Tyleen continue donc à avancer sans porter d’importance aux opinions de ceux qui ne jugent . Avec un style axé sur un débit sirupeux livré sur des basses bien saturées, elle semble taillée pour le marché actuel du rap. Qu’importe de ceux qui ramènent tout au physique de l’artiste.

« Certaines personnes disent que je ne serais pas aussi populaire si je n’étais pas à moitié nue dans le clip de $HUT IT DOWN, mais la version audio sur les services de streaming a des meilleures statistiques que le clip! » argumente Tyleen de façon convaincante. « Puis de toute façon, je ne peux pas satisfaire tout le monde, mais je sais qu’il y a des gens qui croient vraiment en moi et c’est pour eux que je fais ce que je fais. »

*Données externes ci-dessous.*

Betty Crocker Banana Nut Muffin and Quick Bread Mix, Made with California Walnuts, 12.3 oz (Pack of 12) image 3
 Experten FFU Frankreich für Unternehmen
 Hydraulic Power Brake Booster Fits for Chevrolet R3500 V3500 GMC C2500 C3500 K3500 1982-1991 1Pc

Bien s'entourer, ici comme ailleurs

Celle qui poursuivait des études en infirmerie lors de l’enregistrement de Fanta$y peut compter sur l’équipe de Make It Rain pour poursuivre son chemin dans le monde du rap. Elle remercie surtout VNCE Carter qui a eu un rôle crucial à jouer dans le développement de son style.

« On pouvait passer huit, dix heures en studio ensemble à juste créer des sons, à travailler des flows, raconte-t-elle, et c’est vraiment son travail et sa confiance qui m’ont permis d’évoluer en tant qu’artiste, alors je lui dois beaucoup, et je lui dis tout le temps, même s’il refuse le crédit! »

Finalement, c’est peut-être que les deux artistes se sont bien trouvés. Si Tyleen peut se vanter d’avoir un trio de producers exceptionnels pour ce premier EP (VNCE Carter, Tommy Kruise et Charlie Shulz), c’est avec le membre de Dead Obies qu’elle a travaillé pour raffiner son approche à la musique. Alors que Tyleen commence à récolter les fruits de ce travail, la rappeuse garde toutefois les pieds sur terre, elle qui se dit encore surprise que des gens puissent s’intéresser à son travail et à sa vie.

La rappeuse promet de continuer à avancer pour ceux qui la soutiennent et qui lui donnent de la force, à Montréal évidemment mais aussi aux États-Unis où son fanbase prend de l’ampleur. Pour que son mouvement continue à prendre de l’expansion, Tyleen ne compte pas s’arrêter là.

« C’est fou, parce que c’est difficile pour les artistes anglophones à Montréal, mais par exemple, on m’écoute déjà pas mal à Los Angeles, alors je veux bâtir là-dessus », explique-t-elle avec ambition. « Puis, j’ai plein d’autre musique à sortir. Ç’a été tellement difficile de juste faire la playlist de Fanta$y parce que je devais mettre des chansons de côté. Mais je veux sortir tout ça bientôt. »

D’ici là, vous pouvez découvrir l’univers de Tyleen avec Fanta$y, disponible sur toutes les plateformes de streaming.